Story provided by your friends in the Moss Tech Department

Recently, when my neighbor’s son, Steve, started his Classic British car, sometimes I’d hear a loud squeal from the motor. Lately it’s been getting worse. Either that, or he’s waking up earlier and my ears are more sensitive when it’s dark out. One Sunday morning I walked out of the coffee shop and bumped into Steve. When he started his car the squealing started up again. I could see him slide down in his seat with embarrassment. “Hey, let’s check your belt this afternoon,” I said to him. “I’ll swing by after lunch.”

With the bonnet up I gave Steve a brief tour of the route and purpose of the belt:

“The generator and the water pump on your engine need to be spun to charge the battery, and to cool the engine. To get them to spin, there is a pulley on the front of each of them. There is another pulley on the end of the crankshaft near the bottom of the motor. The crankshaft pulley rotates whenever the motor is running. The belt links them all together. So, if the motor is running, the water pump and the generator are rotating automatically. If the belt slips on one or more of these pulleys, it squeals. It’s a lot like when you’re at a basketball game and you hear the players’ sneakers squeak when they slip a bit on the floor. We need to figure out why your belt is slipping. Be thankful it’s been squeaking! It’s helpful to know when something’s not right!”

There are four possible reasons the belt is slipping. Belts slip because they are loose. Or, because they got some oil on them (contaminated). Or, because they are old. Or, because the pulley they are trying to rotate has a problem. That’s it, just those four. This isn’t rocket science.

With the motor off.
First I suggested Steve check to see if the belt was loose. “Feel the tension in the longest stretch of the belt.” In this case that was the length between the generator pulley and the crankshaft pulley. He pushed against flat side of the belt in the middle to see if it had more than a quarter inch of movement with moderate pressure. It did.
“Look at the other reasons for slippage and squealing,” I said. Steve inspected the belt and found that it wasn’t oily, but it was tired looking and there were a number of small cracks. I said, “If the belt is so worn on its sides that it slips to the bottom of the pulley groove, it’s ready to be retired. Order a new belt and I’ll help you put it on. We can check the pulleys when you’ve got the old belt off.”

Steve ordered a belt from Moss’ web page. A couple of days later it was here. Time to change the belt.

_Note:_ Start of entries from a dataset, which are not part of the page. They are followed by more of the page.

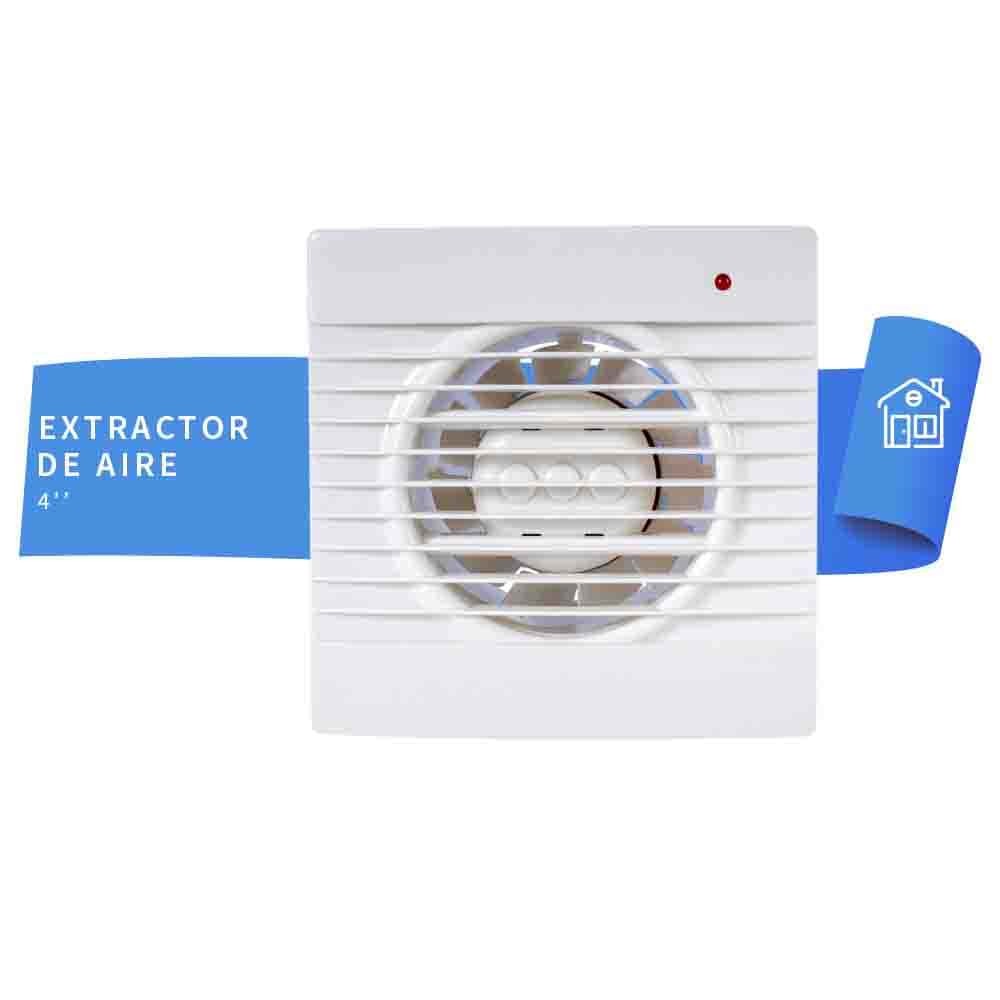IUSA - Extractor de aire para interiores 12w iusa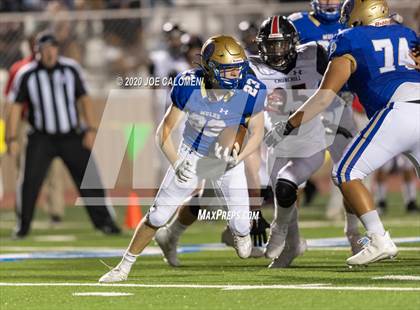 Thumbnail 3 in Churchill vs Alamo Heights photogallery.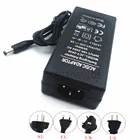 Адаптер преобразователя 24 В 3 А переменного тока 100 В-240 В постоянного тока 24 В 3 А 5,5 мА Источник питания постоянного тока зарядное устройство 2,5 мм x мм 1 шт.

Everything up to now had been a walk in the park. Afterwards Steve admitted he expected the installation would be where he would come face-to-face with the Prince of Darkness who supposedly inhabited cars like his. However, that was not what happened. Following my advice, Steve loosened the bolt on the generator that goes through the arched bracket. Then he rocked the generator toward the motor. That loosened the belt. Then, he removed the old belt.

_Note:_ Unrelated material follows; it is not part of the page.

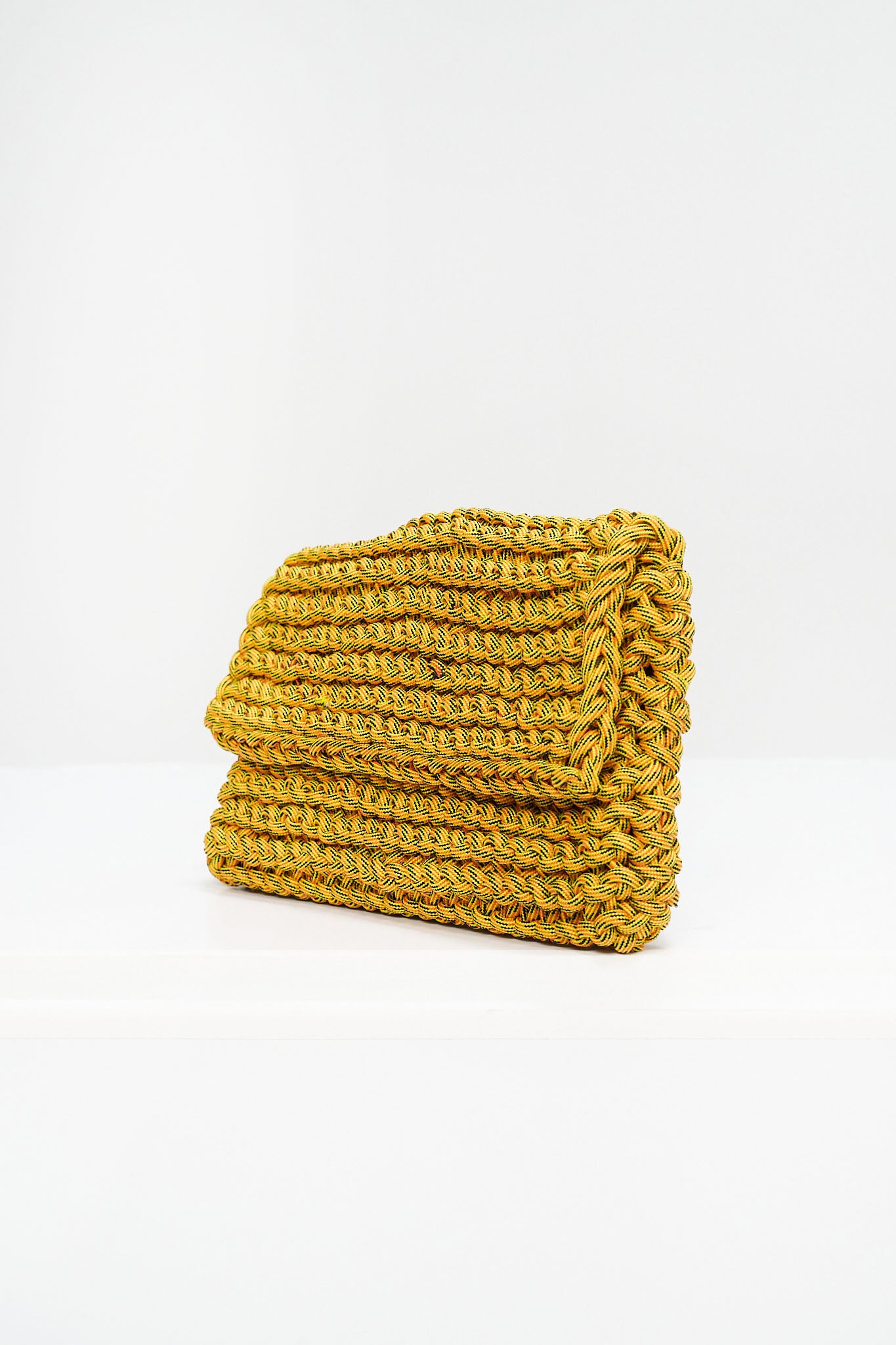Knitted Clutch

It was now that I remembered we hadn’t run the last test for belt squealing: a pulley that might not want to turn. I put my hand on the pulley of the generator and spun it. I said to Steve, “It feels heavy and doesn’t spin like a skateboard wheel, but it’s smooth and seems fine. No noises. It certainly didn’t fight me.” Steve repeated my actions to get a feel for it himself. We did the same with pulley on the water pump. That felt tighter. It didn’t spin as freely as the generator did, but the end of the pump that is inside the motor was trying to pump water while it spun, so that was okay. Both were fine.

Steve put the new belt on. “Pull the generator toward you with one hand and tighten the bolt with your other hand,” I said. “Some say to gently use a pry bar, but you should be able to pull it tight by hand.” Yep, that worked out fine.

I’m pretty sure Steve was holding his breath when he started the motor. It came to life without any squealing at all. Not a bit. In fact the engine sounded quieter. There must have been other noises coming off the old belt that were now gone. I said to him, “After about a hundred miles of driving, check the belt tension again. You may need to re-tighten it a little.” With that done, I walked home smiling, knowing my mornings would be a little more peaceful from now on.